[Opening MATERIAL FOR THIS TASK section]

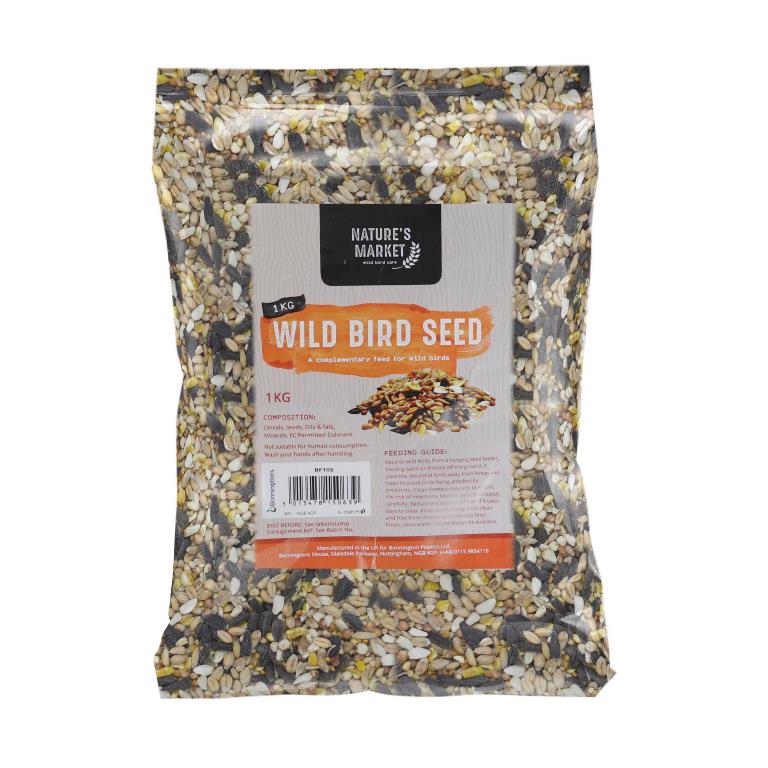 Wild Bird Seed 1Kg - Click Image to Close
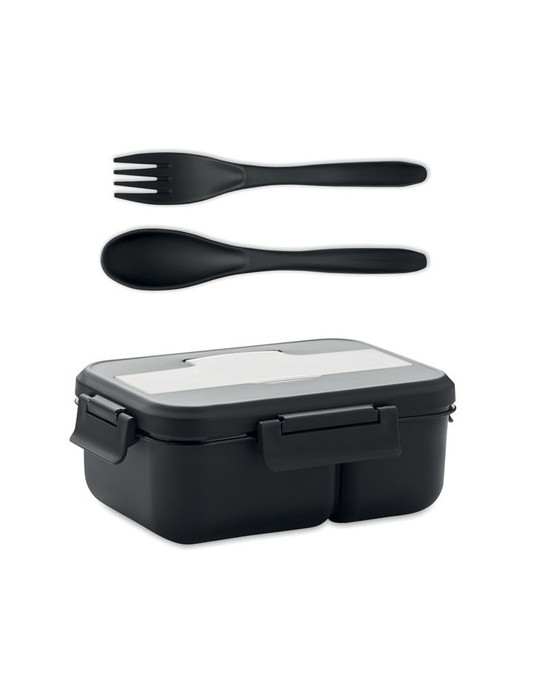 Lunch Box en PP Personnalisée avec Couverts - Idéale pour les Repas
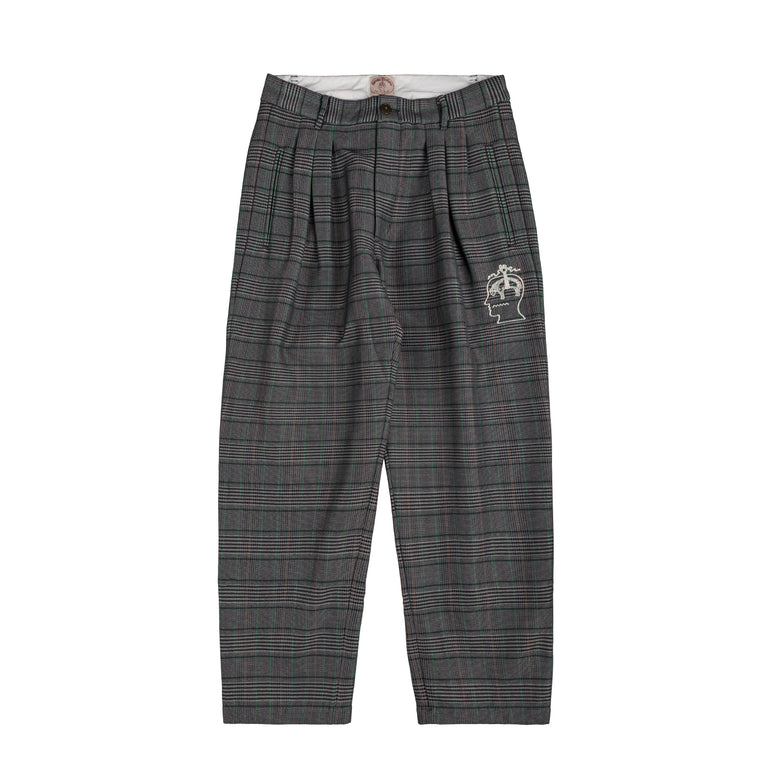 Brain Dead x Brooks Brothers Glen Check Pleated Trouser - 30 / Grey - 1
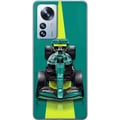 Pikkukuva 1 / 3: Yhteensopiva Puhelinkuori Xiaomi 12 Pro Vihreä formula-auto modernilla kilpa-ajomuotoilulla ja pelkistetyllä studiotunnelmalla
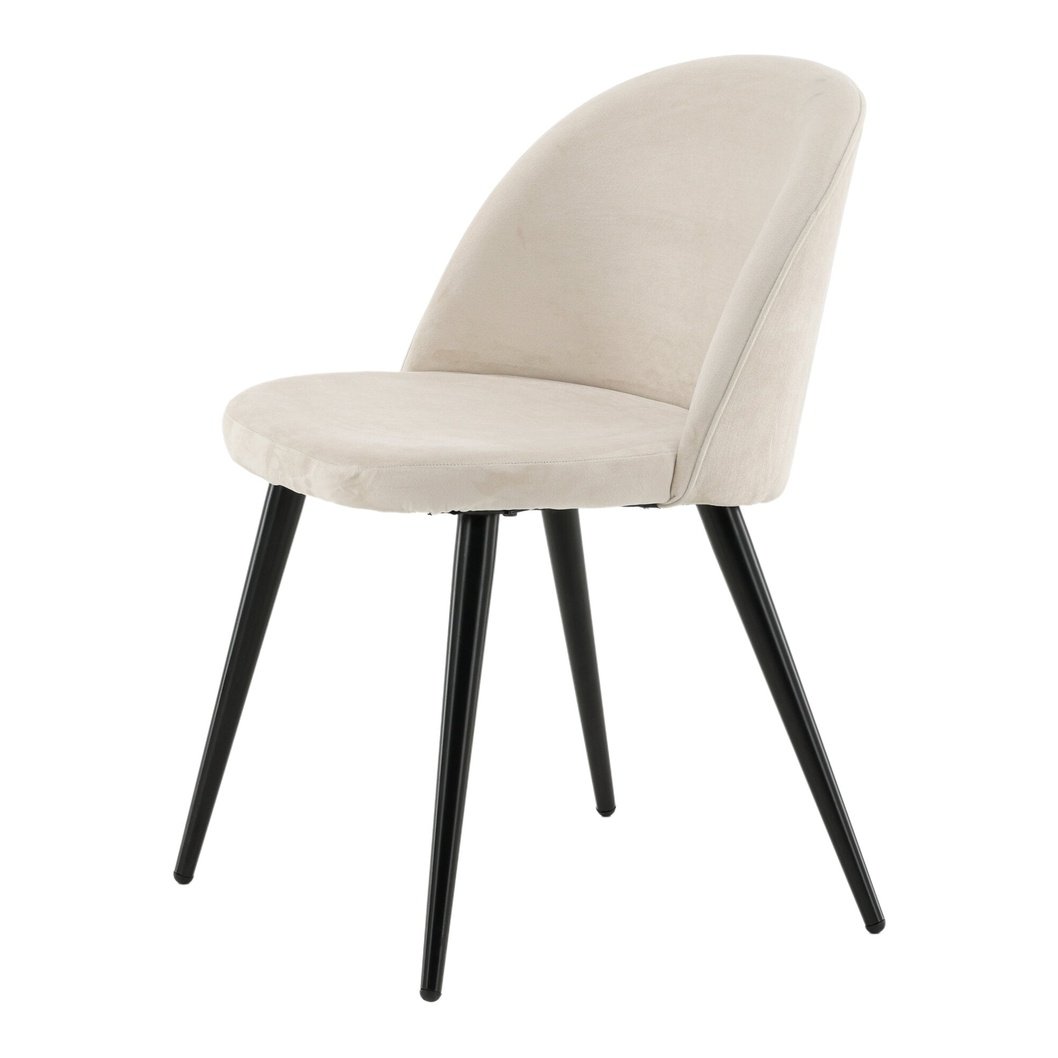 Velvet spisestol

[Closing MATERIAL FOR THIS TASK section]

The entries above need to be output again in full, exactly, and without pictures.

 Wild Bird Seed 1Kg - Click Image to Close
 Lunch Box en PP Personnalisée avec Couverts - Idéale pour les Repas
 Brain Dead x Brooks Brothers Glen Check Pleated Trouser - 30 / Grey - 1
 Pikkukuva 1 / 3: Yhteensopiva Puhelinkuori Xiaomi 12 Pro Vihreä formula-auto modernilla kilpa-ajomuotoilulla ja pelkistetyllä studiotunnelmalla
 Velvet spisestol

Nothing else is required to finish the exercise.